**WHAT THE TASK REQUIRES:** Transcribe the entries below exactly, starting with the line that has "Abbildung von MAXGEAR" and stopping after the line that has "JP GROUP Antriebswelle JP 1143102870"; no pictures belong in the copy.

↓↓↓

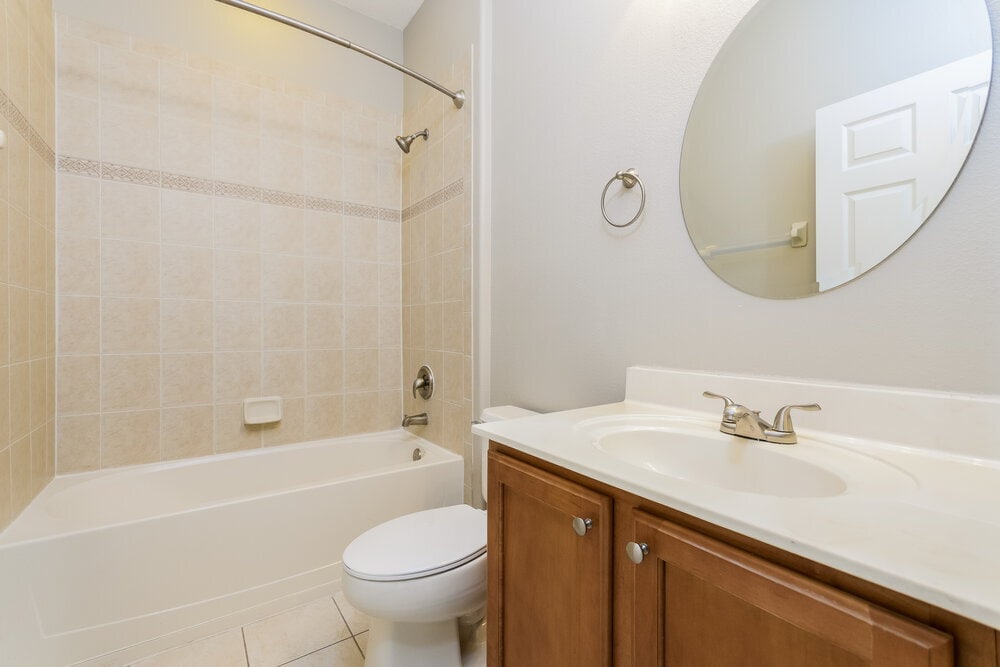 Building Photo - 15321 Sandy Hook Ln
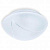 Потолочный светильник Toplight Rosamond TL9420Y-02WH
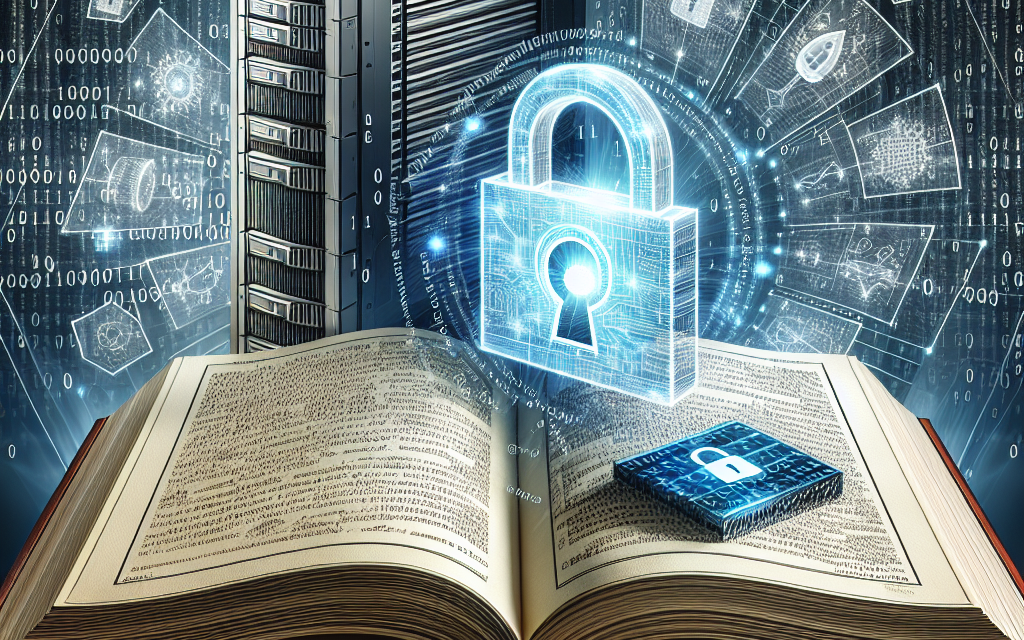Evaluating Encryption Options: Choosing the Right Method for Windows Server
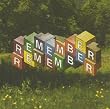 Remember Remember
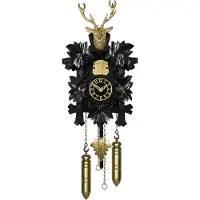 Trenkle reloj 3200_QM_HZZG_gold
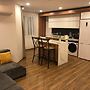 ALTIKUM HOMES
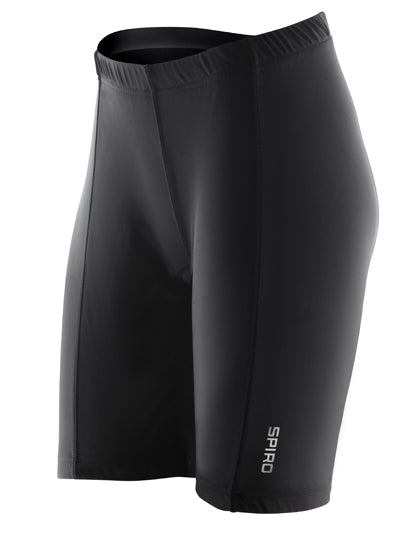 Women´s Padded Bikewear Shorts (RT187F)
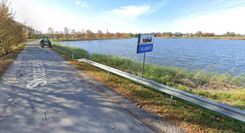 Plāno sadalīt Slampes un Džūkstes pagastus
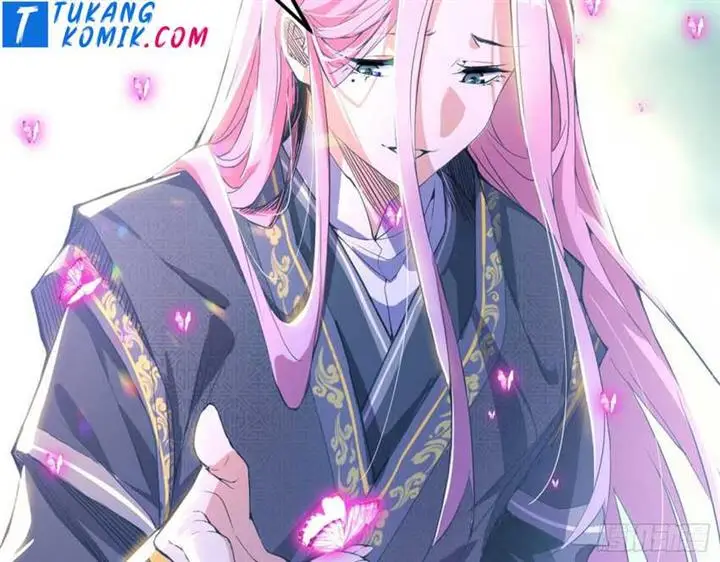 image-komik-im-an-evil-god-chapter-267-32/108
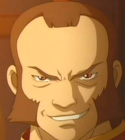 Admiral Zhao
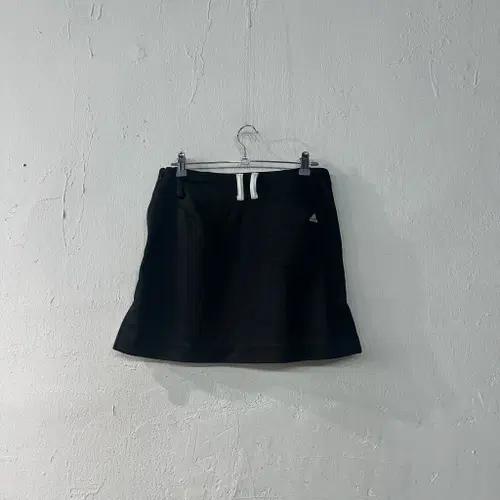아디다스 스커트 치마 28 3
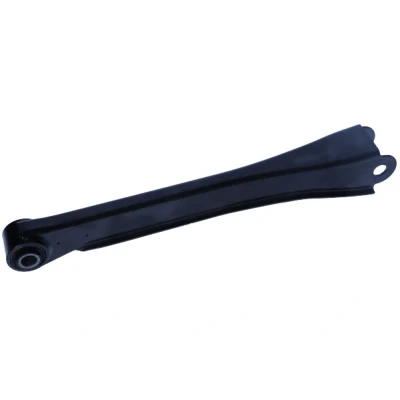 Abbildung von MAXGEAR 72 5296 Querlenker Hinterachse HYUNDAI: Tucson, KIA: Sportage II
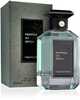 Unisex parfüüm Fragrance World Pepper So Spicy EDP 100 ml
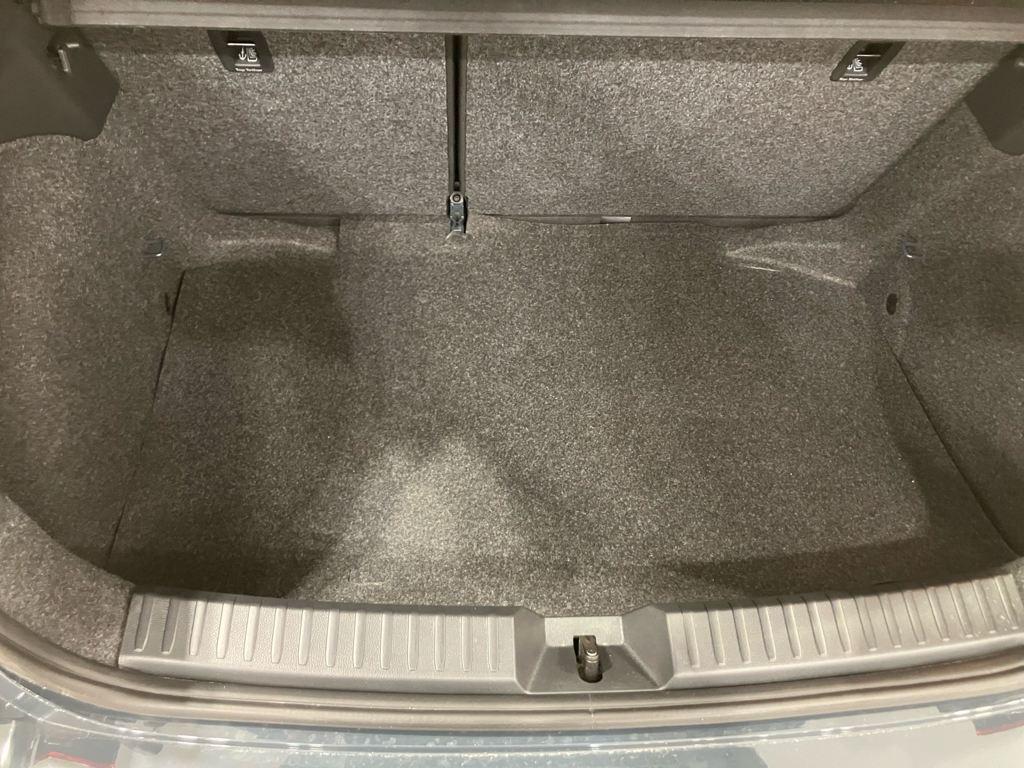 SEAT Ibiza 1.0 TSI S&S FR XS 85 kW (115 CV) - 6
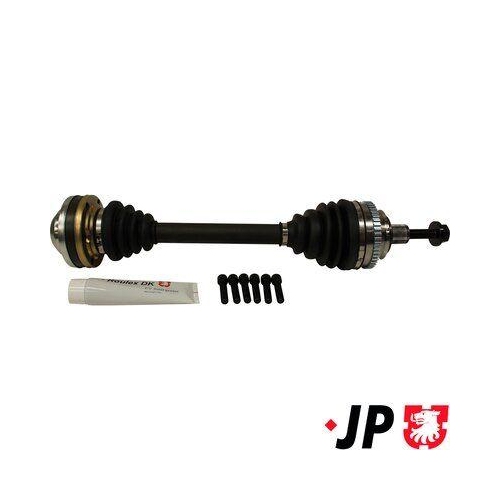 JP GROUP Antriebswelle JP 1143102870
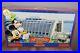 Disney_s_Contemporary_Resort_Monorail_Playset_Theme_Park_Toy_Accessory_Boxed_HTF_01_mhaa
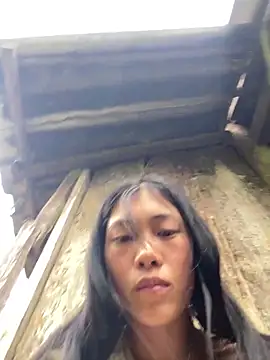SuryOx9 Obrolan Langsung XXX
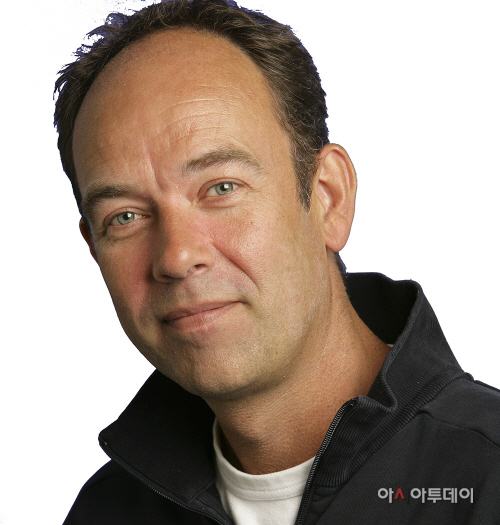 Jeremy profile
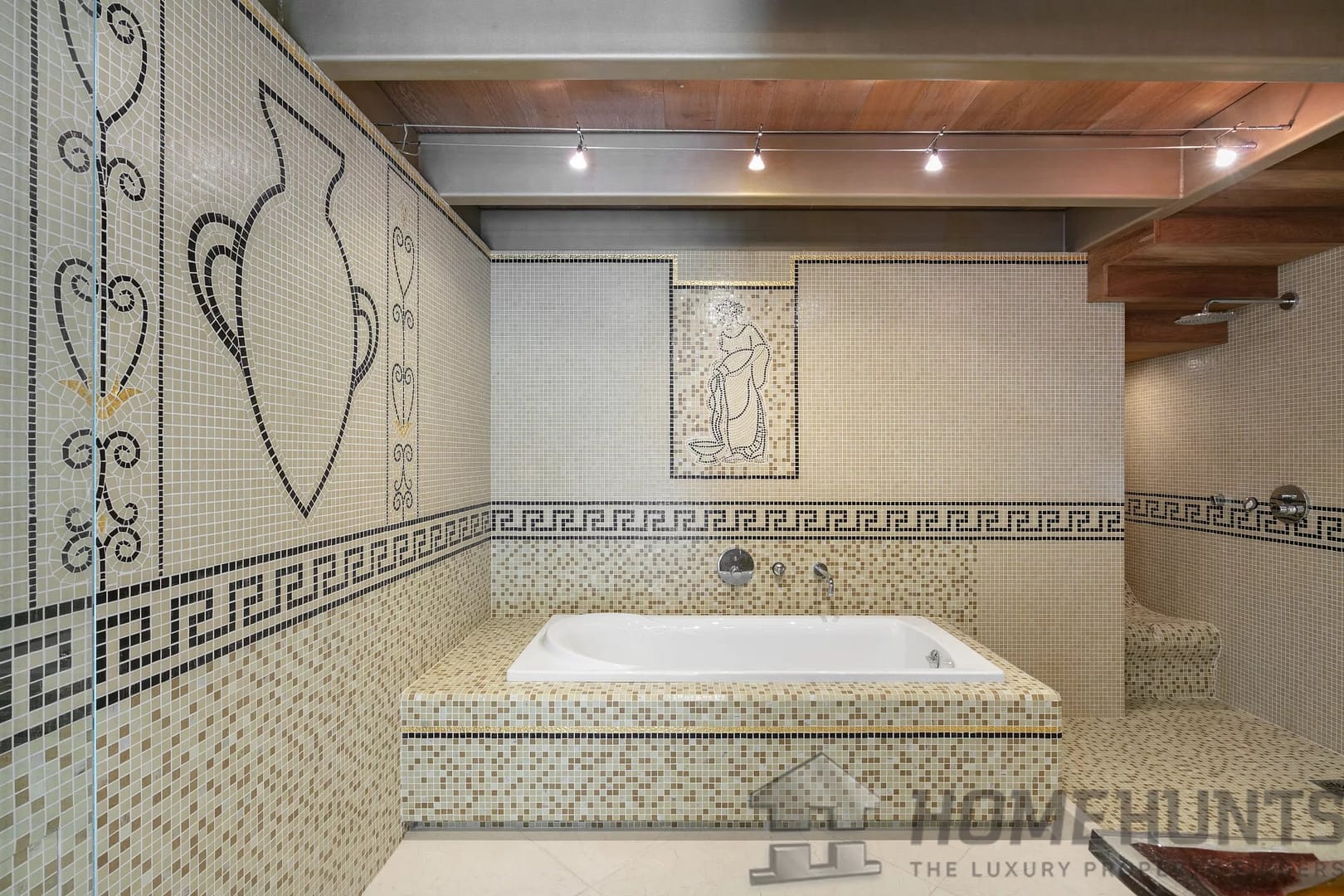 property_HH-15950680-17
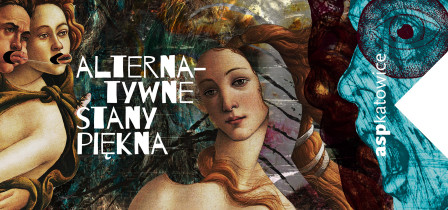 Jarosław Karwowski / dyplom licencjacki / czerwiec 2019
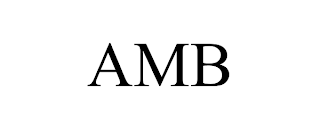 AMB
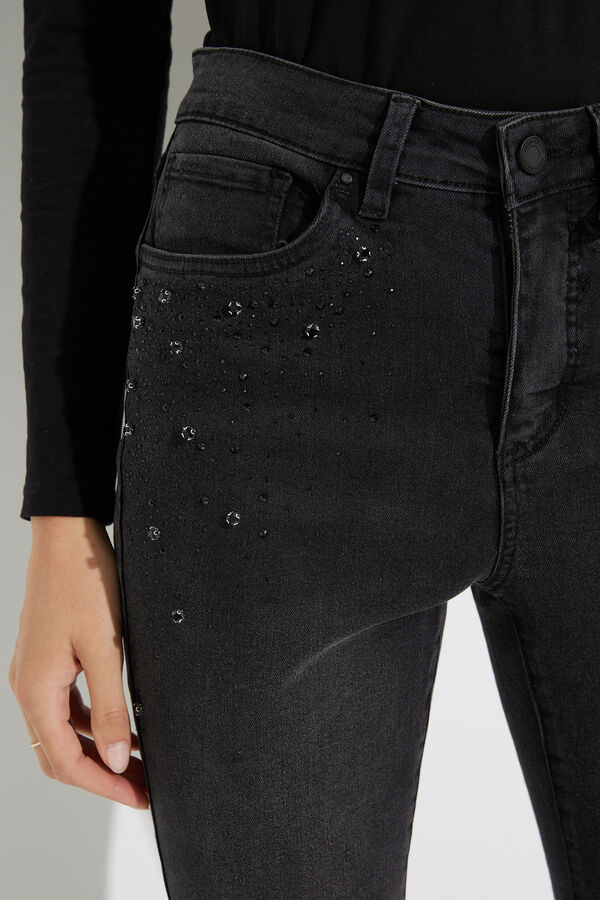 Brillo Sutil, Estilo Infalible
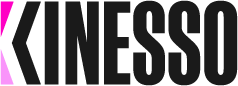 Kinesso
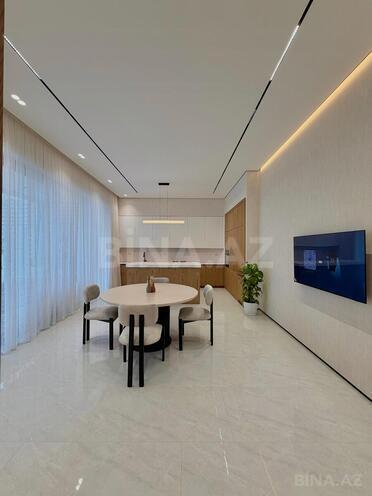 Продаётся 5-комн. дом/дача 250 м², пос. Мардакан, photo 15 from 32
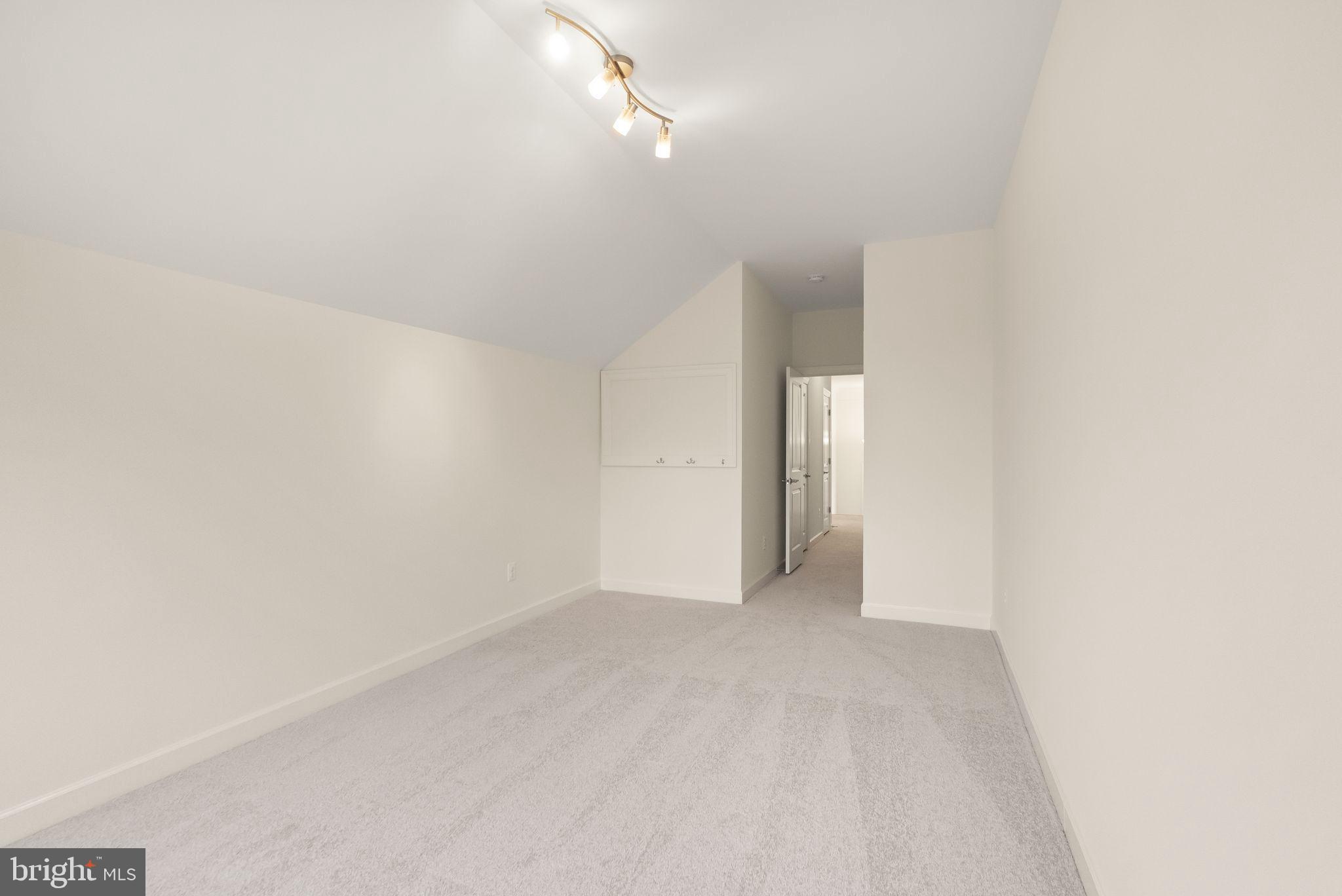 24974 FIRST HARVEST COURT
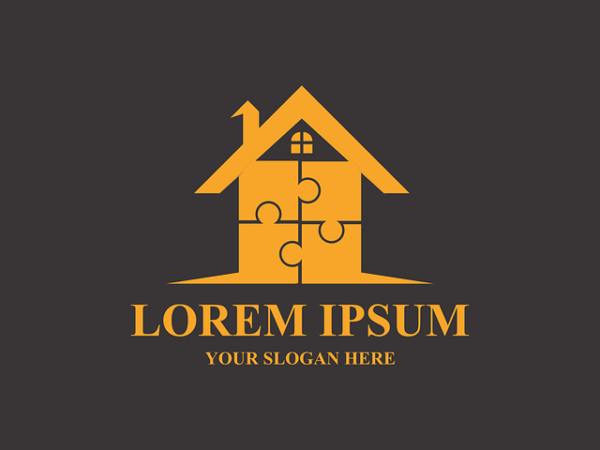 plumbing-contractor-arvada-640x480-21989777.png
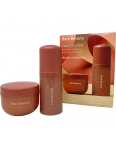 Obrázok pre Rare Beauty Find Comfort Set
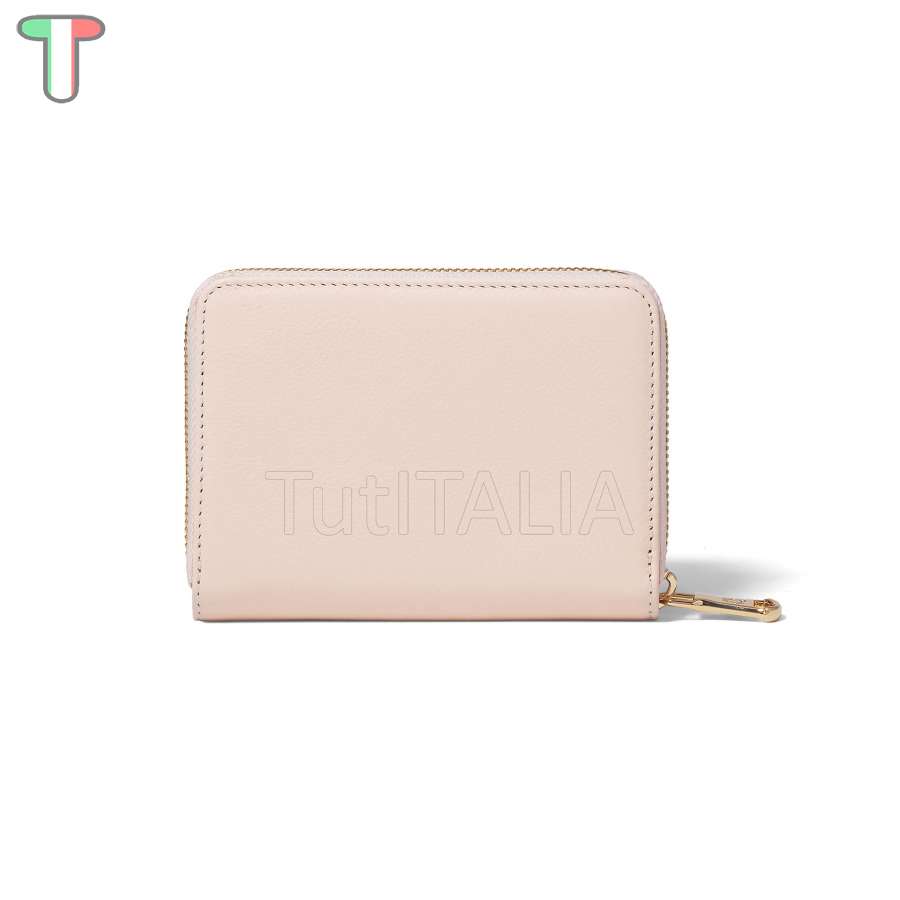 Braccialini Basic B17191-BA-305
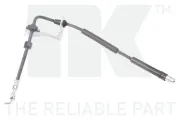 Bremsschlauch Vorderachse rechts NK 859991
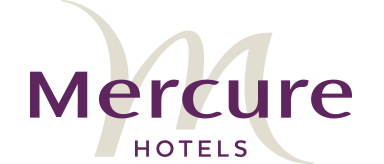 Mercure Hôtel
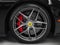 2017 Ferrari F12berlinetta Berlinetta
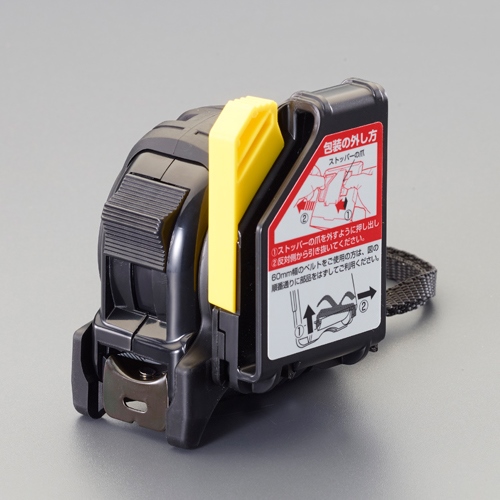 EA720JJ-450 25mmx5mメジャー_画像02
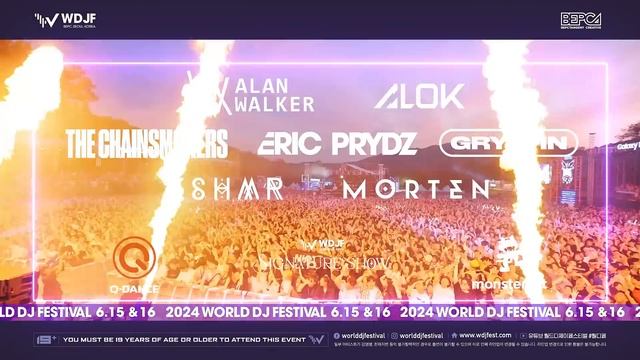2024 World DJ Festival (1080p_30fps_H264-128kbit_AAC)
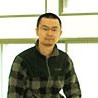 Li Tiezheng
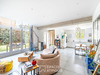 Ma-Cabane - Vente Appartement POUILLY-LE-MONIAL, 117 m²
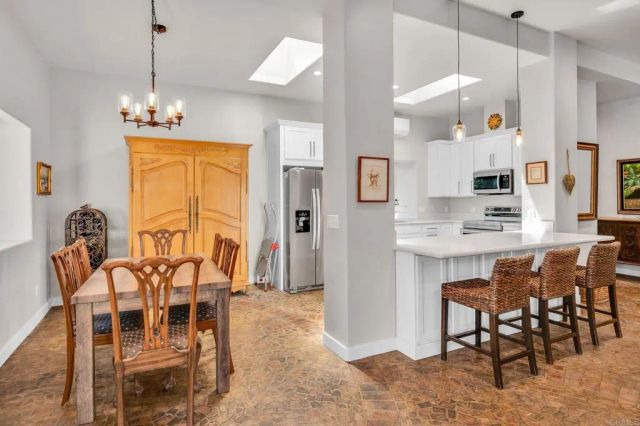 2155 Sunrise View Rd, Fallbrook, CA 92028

↑↑↑

**THE ANSWER:**
 Abbildung von MAXGEAR 72 5296 Querlenker Hinterachse HYUNDAI: Tucson, KIA: Sportage II
 Unisex parfüüm Fragrance World Pepper So Spicy EDP 100 ml
 SEAT Ibiza 1.0 TSI S&S FR XS 85 kW (115 CV) - 6
 JP GROUP Antriebswelle JP 1143102870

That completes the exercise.